In the material below, pictures must be dropped. Repeat exactly, and only, the lines from the line with "Noisy May Kane" to the line with "Gambe per Tavolino", both ends included.

### GIVEN RECORDS

######

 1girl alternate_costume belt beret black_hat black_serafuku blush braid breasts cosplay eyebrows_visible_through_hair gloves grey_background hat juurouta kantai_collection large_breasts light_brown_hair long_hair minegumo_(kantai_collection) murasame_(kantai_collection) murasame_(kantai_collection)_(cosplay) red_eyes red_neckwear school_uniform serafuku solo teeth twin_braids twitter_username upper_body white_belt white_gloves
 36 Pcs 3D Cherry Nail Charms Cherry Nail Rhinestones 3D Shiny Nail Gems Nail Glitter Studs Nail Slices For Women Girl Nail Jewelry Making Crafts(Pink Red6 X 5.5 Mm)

######

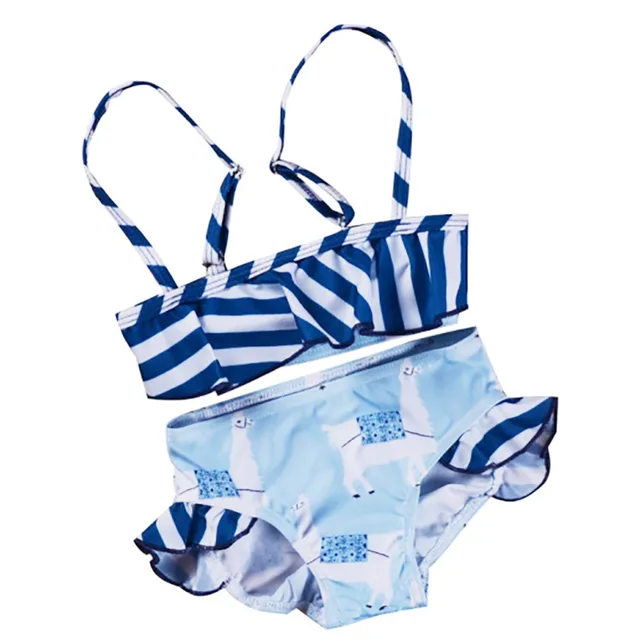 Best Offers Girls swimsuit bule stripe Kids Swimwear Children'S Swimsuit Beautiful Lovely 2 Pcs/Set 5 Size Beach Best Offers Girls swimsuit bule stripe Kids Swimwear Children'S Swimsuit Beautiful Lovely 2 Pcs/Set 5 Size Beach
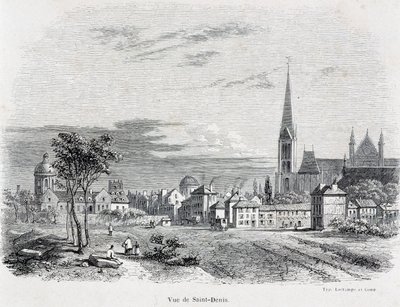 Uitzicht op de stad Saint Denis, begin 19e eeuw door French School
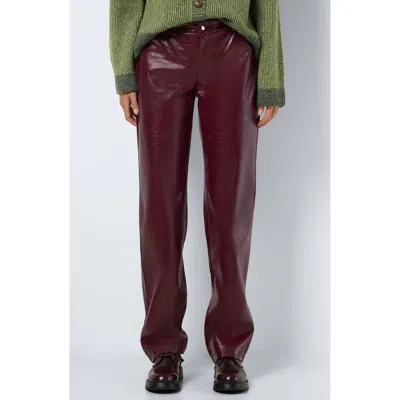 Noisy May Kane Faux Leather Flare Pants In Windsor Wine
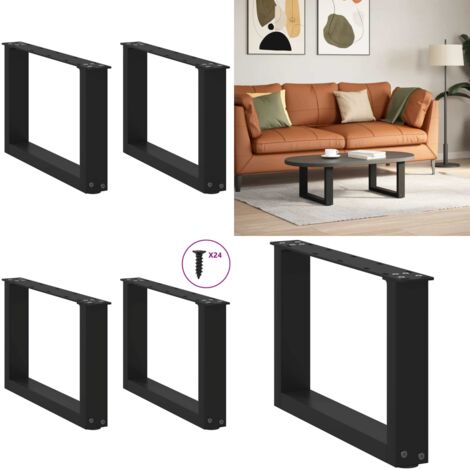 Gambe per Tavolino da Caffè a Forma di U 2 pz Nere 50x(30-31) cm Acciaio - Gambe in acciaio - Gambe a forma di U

######

### SOLVED EXERCISE
 Noisy May Kane Faux Leather Flare Pants In Windsor Wine
 Gambe per Tavolino da Caffè a Forma di U 2 pz Nere 50x(30-31) cm Acciaio - Gambe in acciaio - Gambe a forma di U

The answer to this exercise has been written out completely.